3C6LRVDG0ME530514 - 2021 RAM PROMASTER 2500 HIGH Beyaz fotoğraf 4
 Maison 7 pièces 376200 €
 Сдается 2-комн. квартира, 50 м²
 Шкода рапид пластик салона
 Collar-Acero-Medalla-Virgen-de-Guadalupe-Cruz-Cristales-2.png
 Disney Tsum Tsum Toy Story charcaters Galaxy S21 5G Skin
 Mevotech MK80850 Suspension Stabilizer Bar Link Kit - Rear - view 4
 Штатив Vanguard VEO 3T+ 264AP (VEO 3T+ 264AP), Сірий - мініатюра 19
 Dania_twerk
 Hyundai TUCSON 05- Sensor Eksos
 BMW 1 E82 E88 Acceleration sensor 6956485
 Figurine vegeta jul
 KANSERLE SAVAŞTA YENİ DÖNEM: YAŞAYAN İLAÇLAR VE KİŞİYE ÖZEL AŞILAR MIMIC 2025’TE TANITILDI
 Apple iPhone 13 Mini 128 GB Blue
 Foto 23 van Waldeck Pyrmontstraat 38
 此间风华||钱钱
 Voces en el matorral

━━━━━━━━━━━━━━━━━━━━━━━━━━━━━━

ACTIVITY:
Lines from the one that contains "Apple iPhone 13 Mini 128 GB Blue" through the final line of the entries must be duplicated exactly, and no other lines.

SOLUTION:
 Apple iPhone 13 Mini 128 GB Blue
 Foto 23 van Waldeck Pyrmontstraat 38
 此间风华||钱钱
 Voces en el matorral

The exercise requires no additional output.